■ REQUIREMENT ■
Should pictures appear among the records, leave them out, and copy exactly only the lines from the first through the one with "Anasuya Bharadwaj : గ్లామ‌ర్", inclusive.

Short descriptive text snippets
►
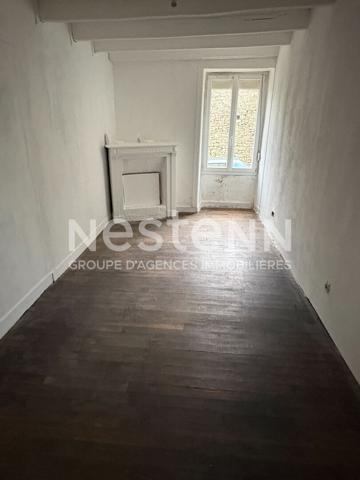 Charmante longère en pierre NON MITOYENNE de 3 pièces à vendre à Questembert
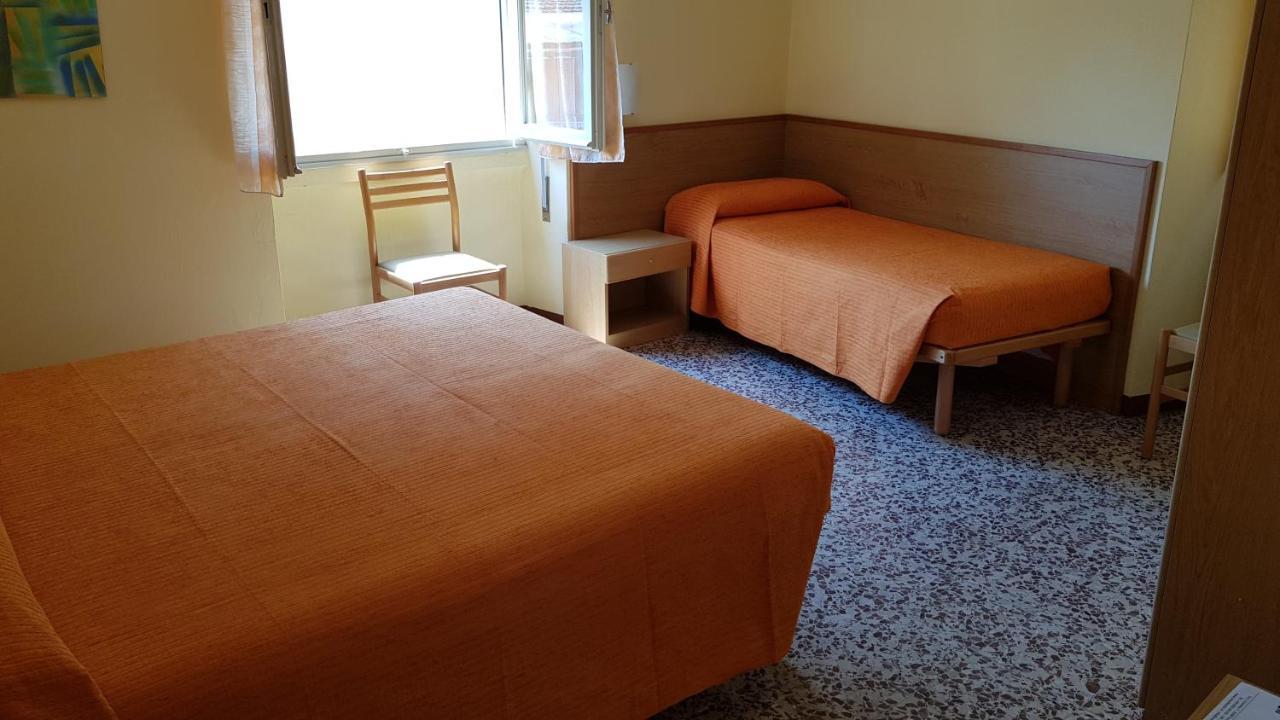 Albergo Meublè Olivi Toscolano Maderno Extérieur photo
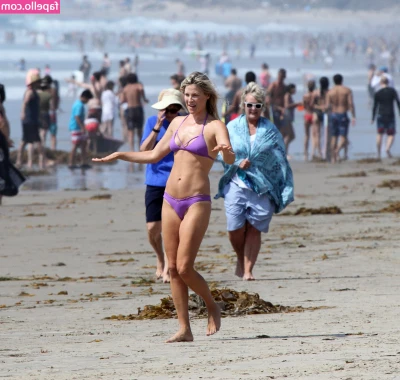 Ali Larter [ ali-larter ] - help me out and take it off for me 😳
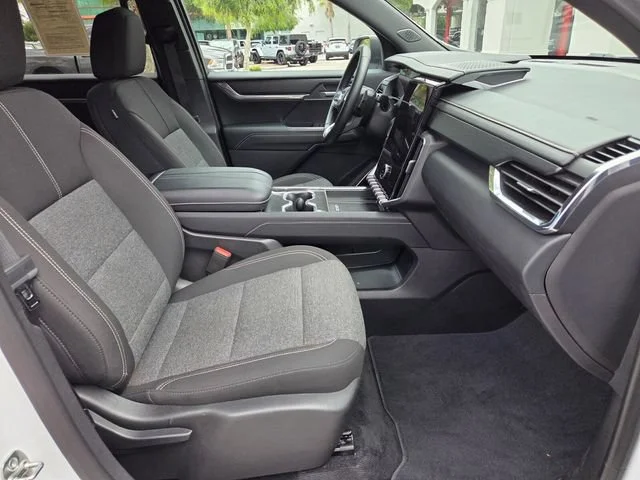 2025 GMC Acadia Elevation - Photo 15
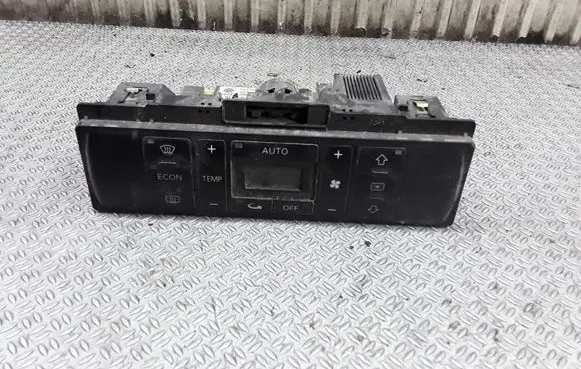 Audi A4 S4 B5 8D Climate control unit 8D0820043M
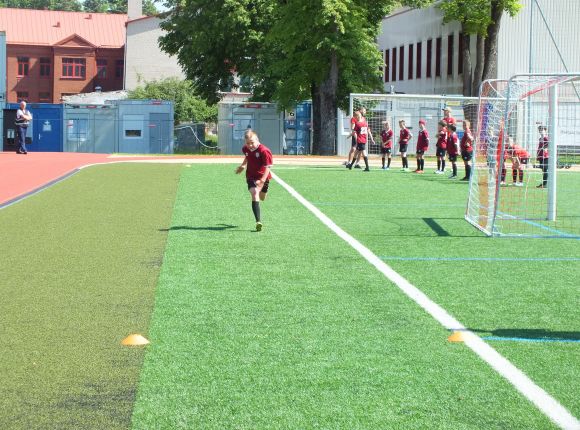 Kontrolnormatīvi futbola nodaļas audzēkņiem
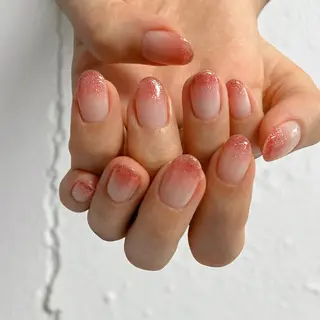 ネイル nail salon　Natural Cure所属・平井 彩香のネイルデザイン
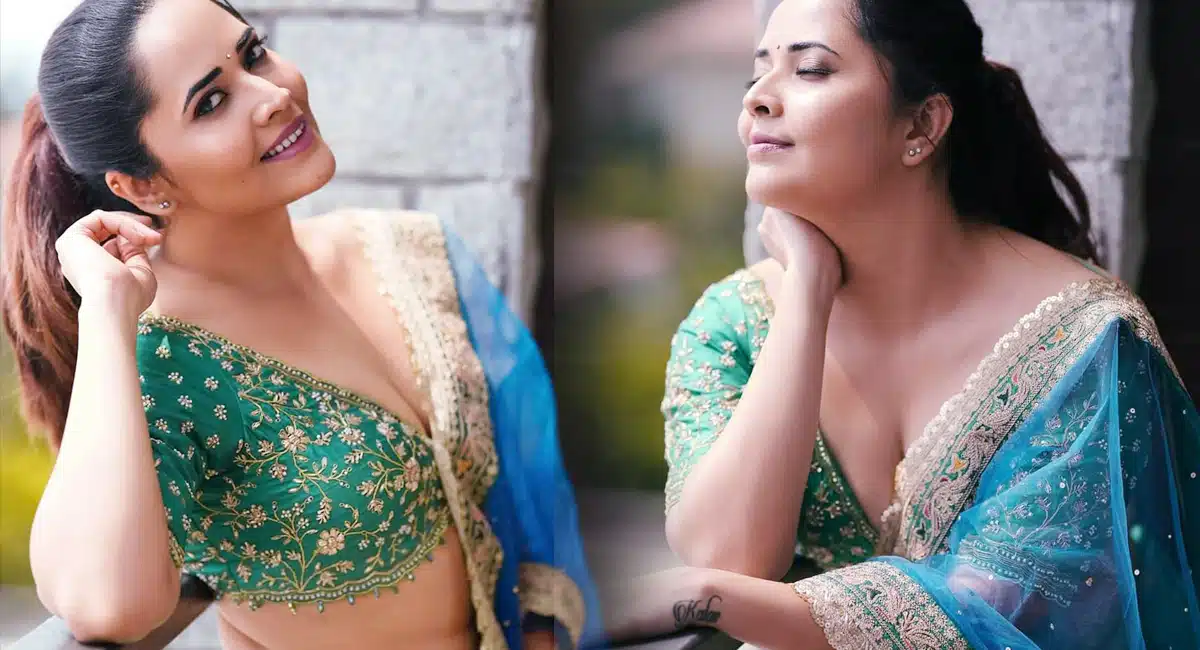Anasuya Bharadwaj : గ్లామ‌ర్ షో నీకు నువ్వే సాటీ.. గ్రీన్‌సారీలో ట్రెడిష‌న‌ల్ లుక్ లో అన‌సూయ లేటెస్ట్ ఫిక్స్‌..!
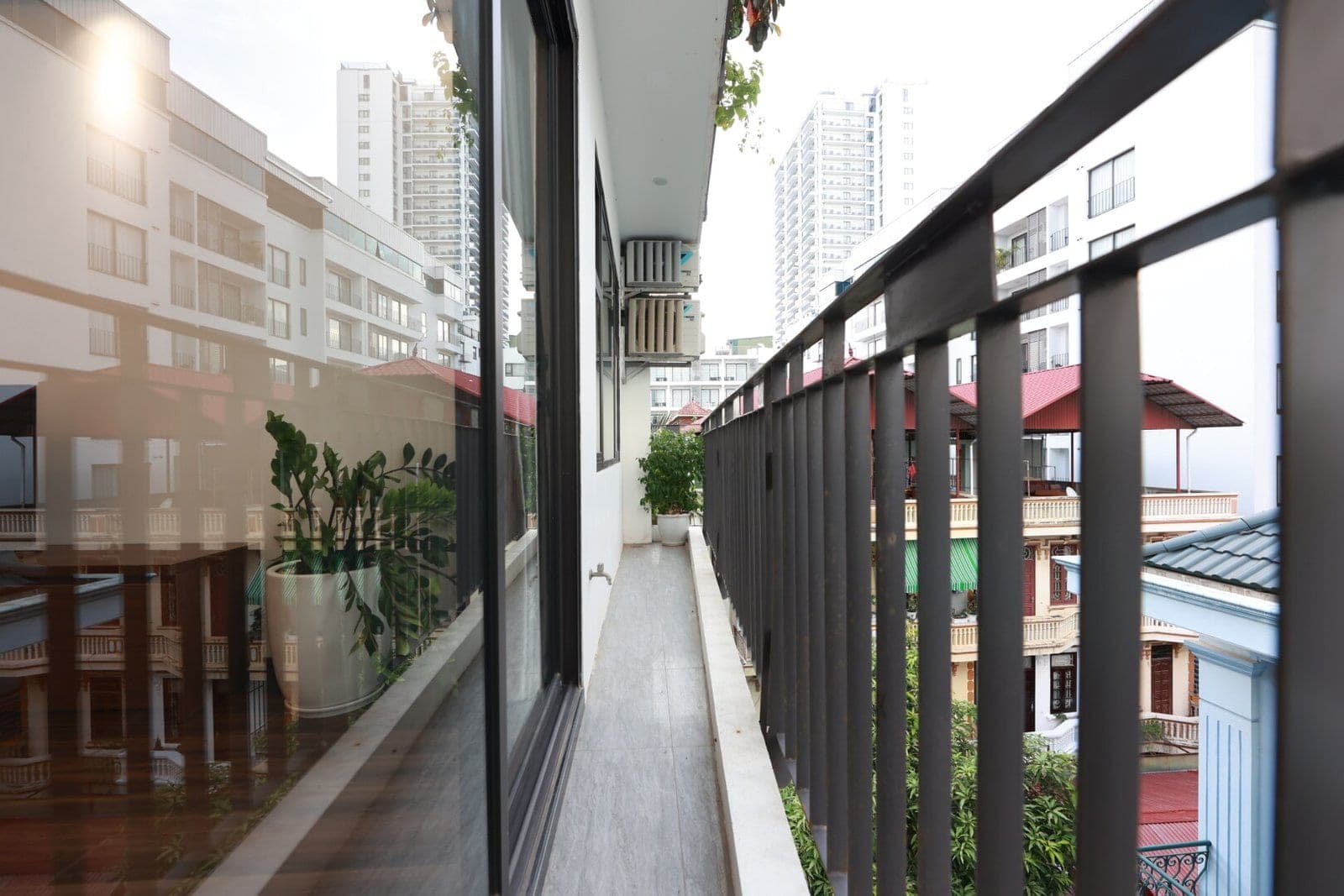 Comfortable 2-Bed Apartment in Tây Hồ · Tay Ho Street · Ref EE8AC3 2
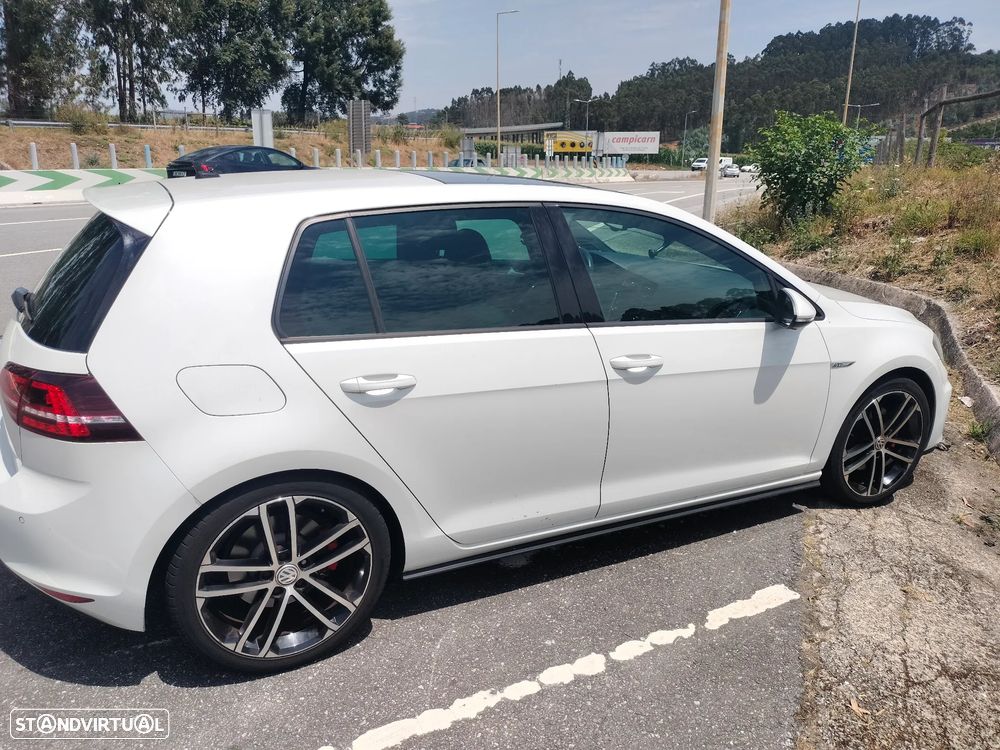 VW Golf - 8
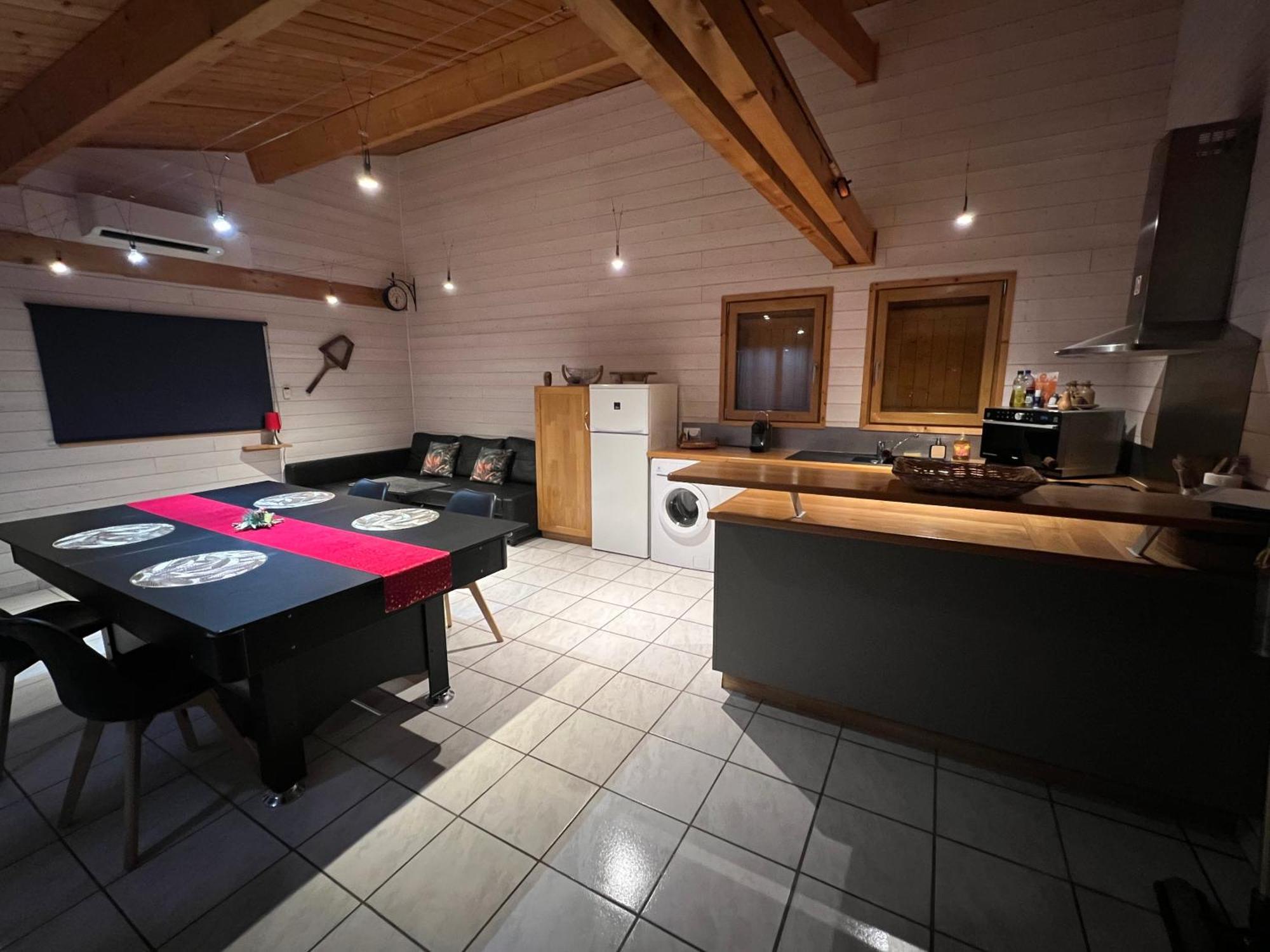 Chalet Des Anges Youx Exterior foto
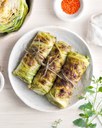 Lettuce capunet with cereals and vegetables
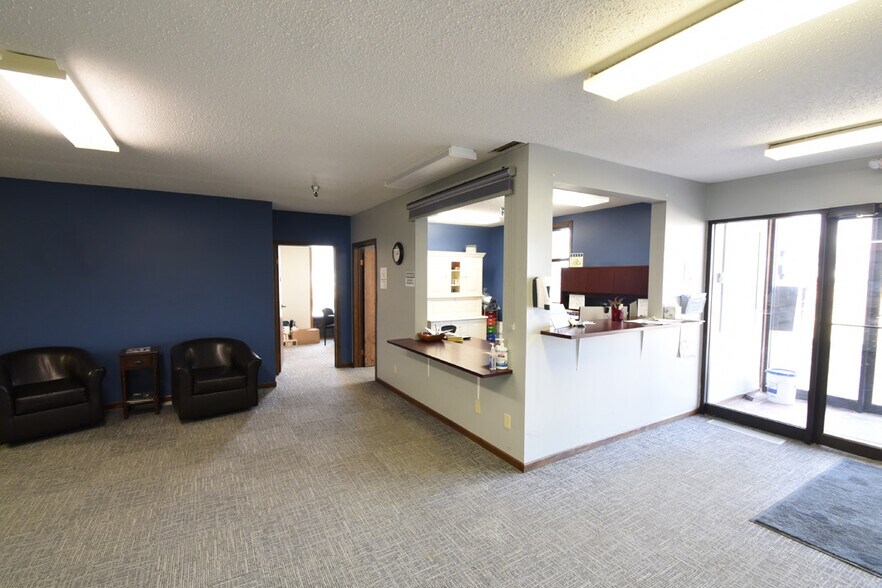 More Photos Of 1720 3rd Ave N, Fargo Distribution For Sale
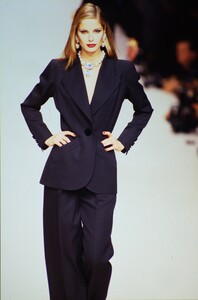 Yves-Saint-Laurent-Fall-1995 (14).jpg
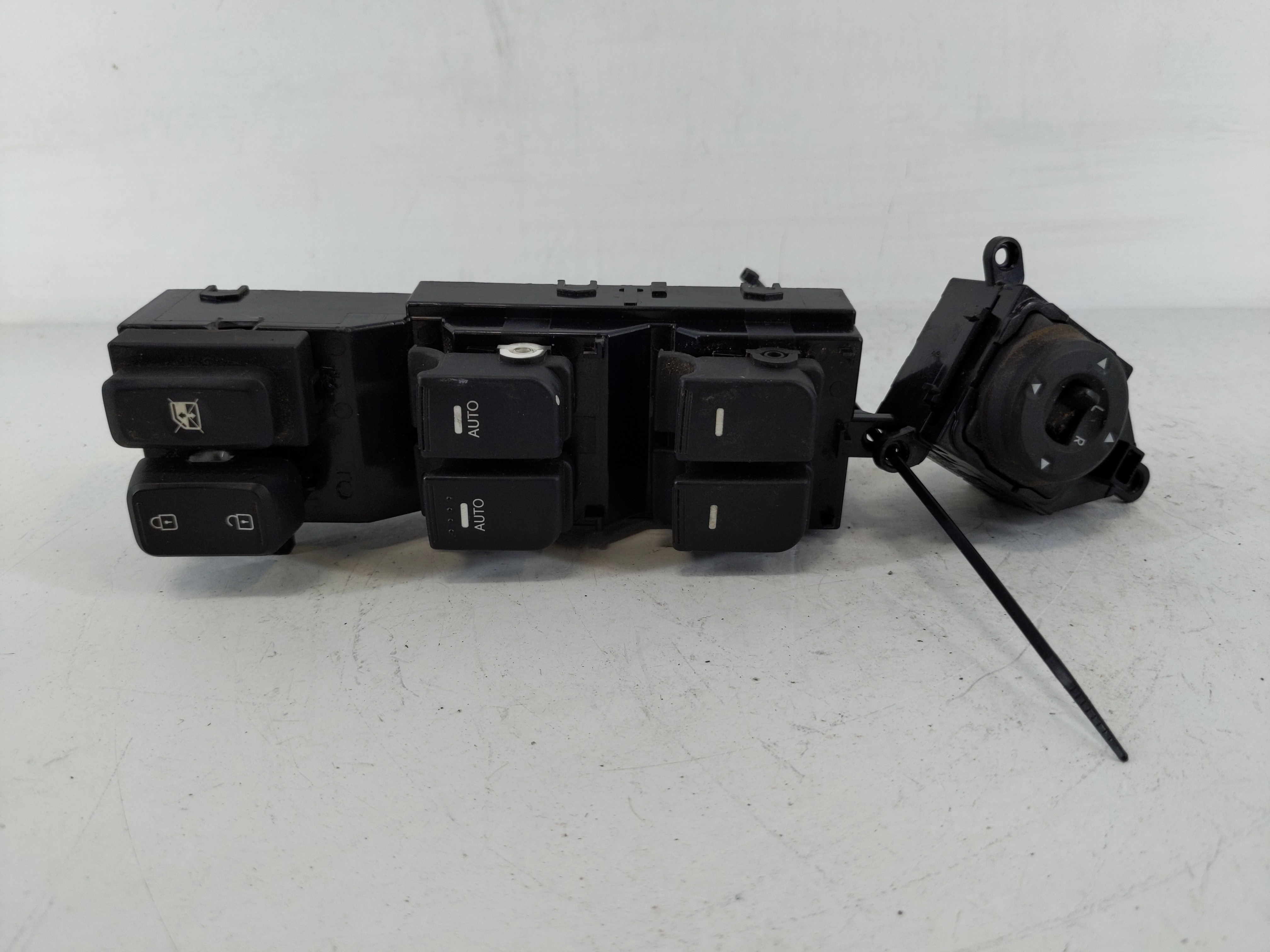 2014-2016 Kia Optima Driver Left Door Master Power Window Switch 1146082 - Oemusedautoparts1.com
◄
■ SOLUTION FOR THIS EXERCISE ■
 Charmante longère en pierre NON MITOYENNE de 3 pièces à vendre à Questembert
 Albergo Meublè Olivi Toscolano Maderno Extérieur photo
 Ali Larter [ ali-larter ] - help me out and take it off for me 😳
 2025 GMC Acadia Elevation - Photo 15
 Audi A4 S4 B5 8D Climate control unit 8D0820043M
 Kontrolnormatīvi futbola nodaļas audzēkņiem
 ネイル nail salon　Natural Cure所属・平井 彩香のネイルデザイン
Anasuya Bharadwaj : గ్లామ‌ర్ షో నీకు నువ్వే సాటీ.. గ్రీన్‌సారీలో ట్రెడిష‌న‌ల్ లుక్ లో అన‌సూయ లేటెస్ట్ ఫిక్స్‌..!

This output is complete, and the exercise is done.